Walentynki, święto zakochanych obchodzone 14 lutego, niesłusznie bywa stawiane w jednym rzędzie z Halloween, jako kolejny eksportowany produkt kultury anglosaskiej. Okazuje się bowiem, że wspominany tego dnia w kalendarzu liturgicznym św. Walenty, od którego imienia pochodzi nazwa święta, został ogłoszony patronem zakochanych już w 1496 r. przez papieża Aleksandra VI. Na Zachodzie, zwłaszcza w Anglii i Stanach Zjednoczonych czczono św. Walentego jako patrona zakochanych. W związku z tym dzień 14 lutego stał się okazją do obdarowywania się drobnymi upominkami.

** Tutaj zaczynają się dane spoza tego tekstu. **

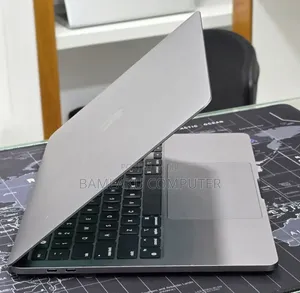 New Laptop Apple MacBook Pro 2022 M2 16GB Apple M2 SSD 512GB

Walenty był biskupem Terni w Umbrii. Wiadomości o nim są dość skąpe i niejednoznaczne. Żył w III w. i był kapłanem rzymskim. Tam w czasie prześladowań (Klaudiusza II Gota), wraz ze św. Mariuszem i krewnymi, asystował męczennikom w czasie ich procesów i egzekucji. Wkrótce sam został pojmany i doprowadzony do prefekta Rzymu, który przeprowadził rutynowy proces polegający na wymuszaniu odstępstwa od Chrystusa. W tym celu kazał użyć kijów. Ponieważ nie przyniosło to oczekiwanego rezultatu, kazał ściąć Walentego. Stało się to 14 lutego 269 roku.
Pochowano go w Rzymie przy via Flaminia. Brak bliższych wiadomości o nim nie przeszkodził w szybkim rozwoju jego kultu. Jego grób już w IV w. otoczony był szczególnym kultem. Nad grobem św. Walentego papież Juliusz I wystawił bazylikę ku jego czci. Odnowił ją później papież Teodor I. Bazylika wraz z grobem św. Walentego stała się prawdziwym sanktuarium i jednym z pierwszych miejsc pielgrzymkowych. W ciągu średniowiecza kult ten objął całą niemal Europę.

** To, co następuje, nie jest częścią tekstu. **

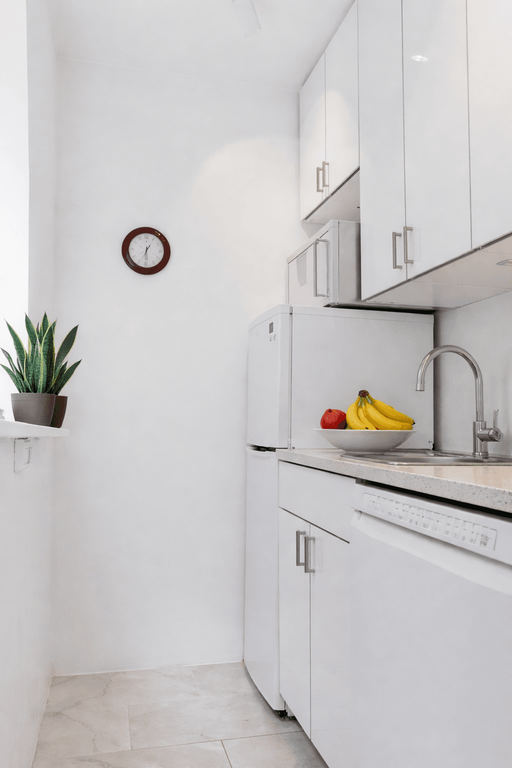 200 East 16th Street, Unit 4B photo 4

W średniowieczu na terenie niemieckim Święty był wzywany jako orędownik podczas ciężkich chorób, zwłaszcza nerwowych i epilepsji. Na Zachodzie, zwłaszcza w Anglii i Stanach Zjednoczonych czczono św. Walentego jako patrona zakochanych. W związku z tym dzień 14 lutego stał się okazją do obdarowywania się drobnymi upominkami.
Św. Walenty przedstawiany jest jako kapłan w ornacie, z kielichem w lewej ręce, a z mieczem w prawej, także w stroju biskupa uzdrawiającego chłopca z padaczki.